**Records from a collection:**
_ _ _ _ _ _ _
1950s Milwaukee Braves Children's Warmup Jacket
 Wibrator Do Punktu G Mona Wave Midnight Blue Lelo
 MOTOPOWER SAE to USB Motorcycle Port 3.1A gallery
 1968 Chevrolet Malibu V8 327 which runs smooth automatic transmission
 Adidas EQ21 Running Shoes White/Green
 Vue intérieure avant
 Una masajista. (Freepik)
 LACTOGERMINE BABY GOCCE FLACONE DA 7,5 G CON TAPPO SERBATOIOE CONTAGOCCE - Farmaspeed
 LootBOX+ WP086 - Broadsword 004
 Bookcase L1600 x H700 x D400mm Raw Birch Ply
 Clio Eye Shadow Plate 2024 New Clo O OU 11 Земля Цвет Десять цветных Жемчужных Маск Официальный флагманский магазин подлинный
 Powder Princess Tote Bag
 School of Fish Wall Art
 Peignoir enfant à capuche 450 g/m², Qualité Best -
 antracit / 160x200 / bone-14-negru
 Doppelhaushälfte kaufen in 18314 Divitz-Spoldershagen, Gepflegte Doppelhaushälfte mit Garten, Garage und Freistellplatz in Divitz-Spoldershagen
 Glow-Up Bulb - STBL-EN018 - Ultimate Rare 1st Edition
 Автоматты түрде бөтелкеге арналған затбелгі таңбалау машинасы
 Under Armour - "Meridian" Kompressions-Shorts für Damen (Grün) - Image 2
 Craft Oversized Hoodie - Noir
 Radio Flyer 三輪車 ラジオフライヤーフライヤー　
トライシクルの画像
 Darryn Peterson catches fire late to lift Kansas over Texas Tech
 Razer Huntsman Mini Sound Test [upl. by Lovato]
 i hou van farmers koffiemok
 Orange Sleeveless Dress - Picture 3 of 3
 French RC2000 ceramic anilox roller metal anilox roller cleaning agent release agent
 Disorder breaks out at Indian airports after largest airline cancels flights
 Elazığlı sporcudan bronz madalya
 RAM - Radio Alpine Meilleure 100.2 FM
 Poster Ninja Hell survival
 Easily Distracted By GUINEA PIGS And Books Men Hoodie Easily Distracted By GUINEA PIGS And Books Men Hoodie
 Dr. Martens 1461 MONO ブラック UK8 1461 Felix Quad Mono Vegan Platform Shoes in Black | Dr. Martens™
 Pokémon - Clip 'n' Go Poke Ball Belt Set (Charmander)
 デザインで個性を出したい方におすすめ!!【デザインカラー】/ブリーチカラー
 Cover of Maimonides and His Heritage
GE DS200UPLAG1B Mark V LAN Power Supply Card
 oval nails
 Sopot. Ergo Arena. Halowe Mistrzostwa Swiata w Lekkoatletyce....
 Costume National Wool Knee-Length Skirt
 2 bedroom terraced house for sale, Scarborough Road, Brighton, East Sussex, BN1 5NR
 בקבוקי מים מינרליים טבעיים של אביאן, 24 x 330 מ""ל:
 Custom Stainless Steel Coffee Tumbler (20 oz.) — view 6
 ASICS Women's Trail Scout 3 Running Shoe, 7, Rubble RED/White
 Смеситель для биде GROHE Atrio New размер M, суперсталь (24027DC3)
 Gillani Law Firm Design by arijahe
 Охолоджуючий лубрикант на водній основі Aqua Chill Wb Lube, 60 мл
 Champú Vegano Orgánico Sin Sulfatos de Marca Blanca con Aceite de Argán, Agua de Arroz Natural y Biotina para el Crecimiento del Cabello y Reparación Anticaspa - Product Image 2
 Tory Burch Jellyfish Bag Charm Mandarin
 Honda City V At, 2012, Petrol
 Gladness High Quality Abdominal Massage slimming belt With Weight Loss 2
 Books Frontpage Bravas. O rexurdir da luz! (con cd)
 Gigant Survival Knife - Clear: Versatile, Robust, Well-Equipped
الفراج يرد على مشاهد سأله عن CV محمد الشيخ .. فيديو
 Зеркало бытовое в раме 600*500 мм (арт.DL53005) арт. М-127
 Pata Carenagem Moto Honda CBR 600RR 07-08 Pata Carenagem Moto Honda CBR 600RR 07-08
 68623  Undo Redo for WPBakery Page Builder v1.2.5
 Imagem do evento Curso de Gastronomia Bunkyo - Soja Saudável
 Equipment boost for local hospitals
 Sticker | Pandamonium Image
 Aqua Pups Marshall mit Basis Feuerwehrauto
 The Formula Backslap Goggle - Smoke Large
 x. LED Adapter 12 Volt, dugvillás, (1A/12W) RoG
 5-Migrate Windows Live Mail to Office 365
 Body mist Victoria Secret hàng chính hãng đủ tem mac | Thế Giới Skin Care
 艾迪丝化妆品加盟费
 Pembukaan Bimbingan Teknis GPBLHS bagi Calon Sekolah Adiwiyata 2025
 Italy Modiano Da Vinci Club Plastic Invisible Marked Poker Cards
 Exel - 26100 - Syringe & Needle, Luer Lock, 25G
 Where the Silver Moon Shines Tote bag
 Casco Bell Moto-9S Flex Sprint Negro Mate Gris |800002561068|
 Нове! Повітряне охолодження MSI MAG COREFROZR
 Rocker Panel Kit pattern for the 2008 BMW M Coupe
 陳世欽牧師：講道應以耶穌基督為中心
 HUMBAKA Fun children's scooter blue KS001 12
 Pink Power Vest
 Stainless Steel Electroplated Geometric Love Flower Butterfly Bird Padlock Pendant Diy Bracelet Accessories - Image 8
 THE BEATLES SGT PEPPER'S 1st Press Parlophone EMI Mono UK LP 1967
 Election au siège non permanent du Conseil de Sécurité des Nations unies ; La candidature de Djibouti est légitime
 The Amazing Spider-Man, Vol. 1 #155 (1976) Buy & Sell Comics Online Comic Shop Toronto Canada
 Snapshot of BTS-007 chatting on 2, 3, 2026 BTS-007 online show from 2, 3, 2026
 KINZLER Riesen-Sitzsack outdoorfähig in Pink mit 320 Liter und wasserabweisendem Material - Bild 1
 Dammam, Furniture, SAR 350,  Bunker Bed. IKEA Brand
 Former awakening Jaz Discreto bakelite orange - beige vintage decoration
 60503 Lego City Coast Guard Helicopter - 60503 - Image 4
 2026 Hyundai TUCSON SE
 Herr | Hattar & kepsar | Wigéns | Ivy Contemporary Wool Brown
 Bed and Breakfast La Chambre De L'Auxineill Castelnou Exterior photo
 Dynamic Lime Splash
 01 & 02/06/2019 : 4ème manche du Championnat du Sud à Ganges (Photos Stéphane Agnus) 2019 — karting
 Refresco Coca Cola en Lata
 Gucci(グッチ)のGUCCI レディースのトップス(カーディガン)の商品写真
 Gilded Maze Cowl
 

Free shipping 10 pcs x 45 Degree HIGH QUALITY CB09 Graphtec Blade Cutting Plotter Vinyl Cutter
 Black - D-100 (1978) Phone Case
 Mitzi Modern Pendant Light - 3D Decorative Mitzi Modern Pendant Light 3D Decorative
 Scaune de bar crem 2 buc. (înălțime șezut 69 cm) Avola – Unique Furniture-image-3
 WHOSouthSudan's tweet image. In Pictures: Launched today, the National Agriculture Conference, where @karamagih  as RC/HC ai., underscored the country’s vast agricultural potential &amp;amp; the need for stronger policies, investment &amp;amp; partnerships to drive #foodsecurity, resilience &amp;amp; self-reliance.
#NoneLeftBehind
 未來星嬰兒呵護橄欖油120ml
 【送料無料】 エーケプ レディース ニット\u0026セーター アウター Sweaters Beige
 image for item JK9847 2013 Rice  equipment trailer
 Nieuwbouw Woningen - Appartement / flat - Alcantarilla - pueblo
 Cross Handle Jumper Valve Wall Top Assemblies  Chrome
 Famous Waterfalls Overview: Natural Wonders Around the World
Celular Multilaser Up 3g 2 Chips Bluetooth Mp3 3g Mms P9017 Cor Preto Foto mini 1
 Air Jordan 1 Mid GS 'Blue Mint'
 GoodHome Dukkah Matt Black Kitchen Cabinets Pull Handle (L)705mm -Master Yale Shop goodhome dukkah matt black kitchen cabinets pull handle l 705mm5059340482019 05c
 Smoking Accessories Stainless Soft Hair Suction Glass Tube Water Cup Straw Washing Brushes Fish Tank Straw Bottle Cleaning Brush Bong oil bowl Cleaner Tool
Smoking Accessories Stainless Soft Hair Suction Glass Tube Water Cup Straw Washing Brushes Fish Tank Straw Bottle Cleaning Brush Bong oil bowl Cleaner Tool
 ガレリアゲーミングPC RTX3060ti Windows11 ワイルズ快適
_ _ _ _ _ _ _
**ASSIGNED TASK:** Up to and including the line with "antracit / 160x200 / bone-14-negru", write out the records above exactly, starting from their first line.

**TASK RESULT:**
1950s Milwaukee Braves Children's Warmup Jacket
 Wibrator Do Punktu G Mona Wave Midnight Blue Lelo
 MOTOPOWER SAE to USB Motorcycle Port 3.1A gallery
 1968 Chevrolet Malibu V8 327 which runs smooth automatic transmission
 Adidas EQ21 Running Shoes White/Green
 Vue intérieure avant
 Una masajista. (Freepik)
 LACTOGERMINE BABY GOCCE FLACONE DA 7,5 G CON TAPPO SERBATOIOE CONTAGOCCE - Farmaspeed
 LootBOX+ WP086 - Broadsword 004
 Bookcase L1600 x H700 x D400mm Raw Birch Ply
 Clio Eye Shadow Plate 2024 New Clo O OU 11 Земля Цвет Десять цветных Жемчужных Маск Официальный флагманский магазин подлинный
 Powder Princess Tote Bag
 School of Fish Wall Art
 Peignoir enfant à capuche 450 g/m², Qualité Best -
 antracit / 160x200 / bone-14-negru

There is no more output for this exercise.